Q&A with With Wil Haygood, Author of The Butler: Witness to History
It’s not every day that a newspaper article sparks a Hollywood movie starring Oprah Winfrey and Forest Whitaker.
But Wil Haygood’s 2008 Washington Post article about White House butler Eugene Allen wasn’t just any article.
{mosads}Haygood has expanded his feature on Allen — who had a front row seat to the evolving civil rights movement as he served every president from Eisenhower to Reagan — into a book titled The Butler.
It offers an extended look at Allen’s story and a forward by Lee Daniels, who directed the film based on Allen’s life starring Winfrey and Whitaker. It arrives in theaters on Aug. 16.
Haygood, who will sign copies of the book at Politics & Prose at 7 p.m. Tuesday, spoke to The Hill about how he found Allen and told his incredible story.
Q: So many people read your article in The Washington Post. What can we expect more of in the book?
The book is a much more in-depth look at the life of Eugene and Helene Allen. It also is a historical retrospective of the history of blacks in American cinema. It also has much more about certain presidents who Eugene and Helene Allen worked for and their battles with civil rights inside the White House. …

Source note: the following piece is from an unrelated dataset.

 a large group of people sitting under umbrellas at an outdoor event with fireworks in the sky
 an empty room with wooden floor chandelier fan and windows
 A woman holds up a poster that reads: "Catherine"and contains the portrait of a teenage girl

I think it’s quite astonishing that Mr. Eugene Allen was in the White House on the day that the high school students in Little Rock, Ark., were pelted with rocks — the black students that tried to integrate Little Rock Central High School. … He was in the White House the day that the voting rights activist, Medgar Evers, was murdered in the driveway of his Jackson, Miss., home. He heard the echoes of that as that news reached the White House. He was there on the day that Martin Luther King was assassinated. He heard the echoes of all that.
He was in the White House the day that President Kennedy was assassinated in Dallas. And he was heartbroken, like people were everywhere in the nation, and he went home that evening, and he couldn’t sleep. He rose, in darkness and left his home about 3 a.m. to go back to the White House because he wanted to be there to check in on the first family.
Q: How did you find Eugene Allen to tell his story?
I had been on the Obama campaign trail in 2008 as a reporter for The Washington Post, and I was at a rally, and I saw some young ladies, and they were crying, and they happened to have been white. And I asked them, if anything was wrong, and if I could help, and they said they were distraught because they supported this candidate, and their white father had stopped talking to them because they supported this candidate.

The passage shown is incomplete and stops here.